Moira Hahn

 

Moira Hahn has exhibited her fine art throughout the US, with a few shows in Japan and Canada, for over two decades. She draws inspiration from various Asian art forms, such as Persian miniatures, Tibetan Thanka paintings, Japanese Ukiyo-e prints, Indian animal drawings, and Chinese guardian figures. In Western art, she is influenced by the documentary art of Explorer/Scientist painters like Martin Johnson Heade, John James Audubon, and Karl Bodmer, which informs her work. She has traveled extensively in the Southwest to study petroglyphs, pictographs, and Native American visual culture.

She admires contemporary artists such as Hilary Brace, Henry Darger, Daniel Du Plessis, Tim Hawkinson, Jess, William Kentridge, Tom Knechtel, Sarah Perry, Ken Price, Hisashi Tenmyouya, and Thomas Woodruff. She holds a BFA in Drawing and Painting from the Maryland Institute College of Art (MICA) in Baltimore, Maryland, and took advantage of a mobility program to attend California College of Arts and Crafts (now California College of the Arts) in Oakland, California. She later studied printmaking at Otis Art Institute and pursued other art curricula at California State University, Fullerton, where she earned an MFA in 2000.
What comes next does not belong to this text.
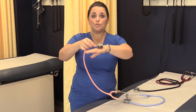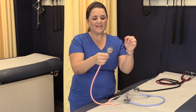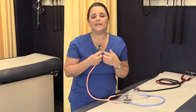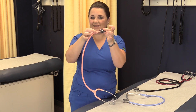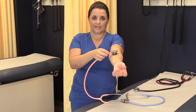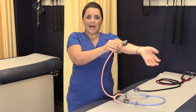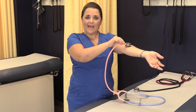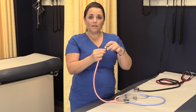When using the bell, place it just lightly so you're making contact with the skin. Do not push firmly — when you push down firmly your skin tightens up and acts like the diaphragm, so you'll miss your low-pitched sounds. For proper use of the bell, grab it by the neck of the stethoscope and let the weight of the head be the only pressure, laying it lightly on the skin. Also make sure the entire head has contact with the skin, or you'll pick up ambient noise from the environment.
In her 20s, Moira Hahn studied experimental animation at CalArts in Valencia, CA, with Jules Engel, and later worked in the animation industry and illustrated books and magazines for The Pushpin Group, an artists' agency in New York. She also studied Japanese art in Hawaii and Japan for several years in the 1980s and later taught studio art at colleges and universities in Southern California.

Moira Hahn comes from a lineage of artists on both sides of her family, with her paternal grandparents having met in a landscape painting class in upstate New York. Despite being named after a British ballerina, her parents didn't discourage her early interest in drawing.